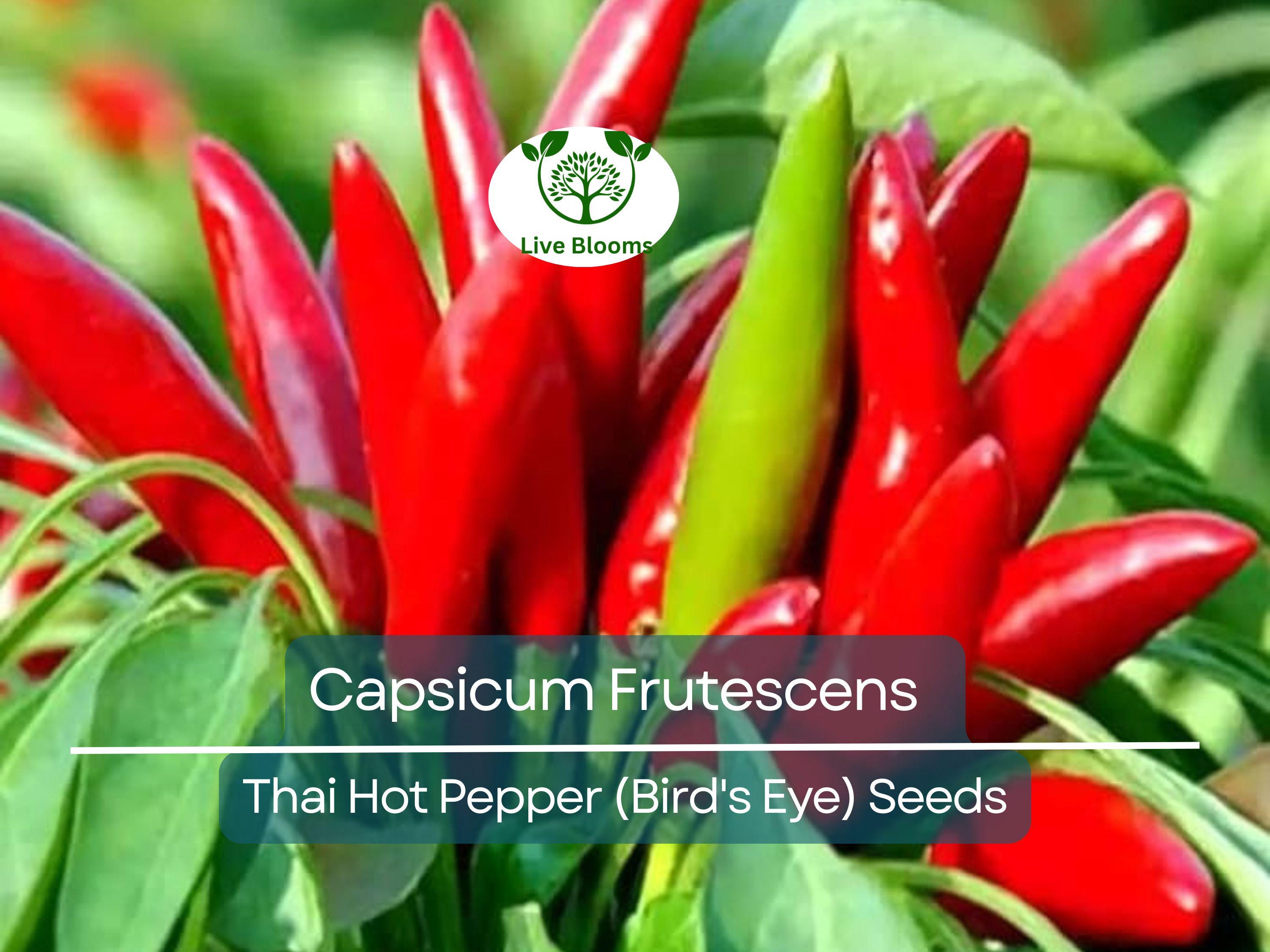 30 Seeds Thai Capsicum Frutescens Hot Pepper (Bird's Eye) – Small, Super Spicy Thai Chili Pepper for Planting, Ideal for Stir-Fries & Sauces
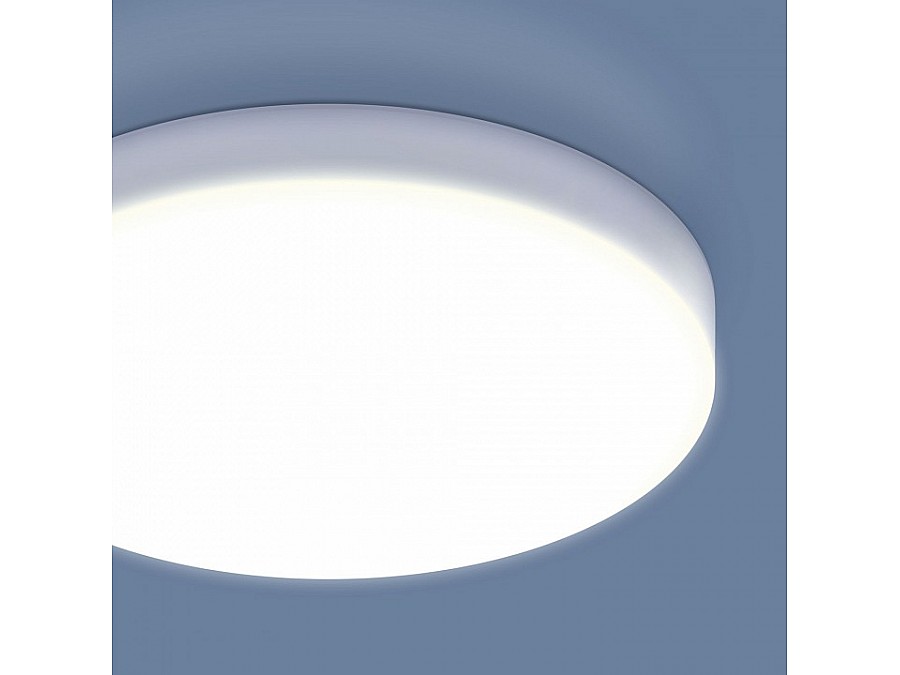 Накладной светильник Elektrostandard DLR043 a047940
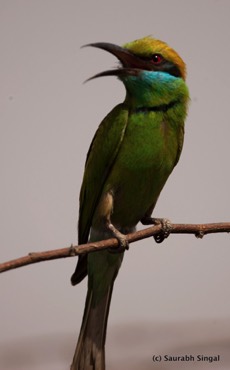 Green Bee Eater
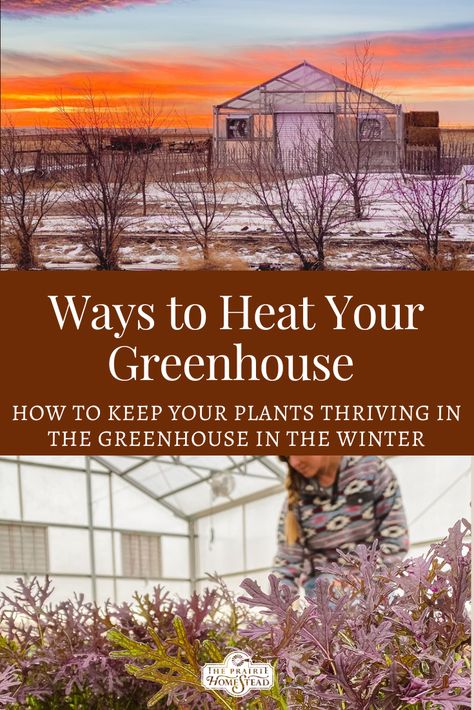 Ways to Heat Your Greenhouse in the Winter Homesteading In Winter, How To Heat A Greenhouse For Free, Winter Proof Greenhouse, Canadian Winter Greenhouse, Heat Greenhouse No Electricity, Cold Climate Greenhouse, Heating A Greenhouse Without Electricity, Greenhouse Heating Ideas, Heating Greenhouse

— What the exercise asks —
Your answer must be an exact copy of the lines above, from the line that contains "Green Bee Eater" through the final line, with no pictures in it.

— Completed task —
 Green Bee Eater
 Ways to Heat Your Greenhouse in the Winter Homesteading In Winter, How To Heat A Greenhouse For Free, Winter Proof Greenhouse, Canadian Winter Greenhouse, Heat Greenhouse No Electricity, Cold Climate Greenhouse, Heating A Greenhouse Without Electricity, Greenhouse Heating Ideas, Heating Greenhouse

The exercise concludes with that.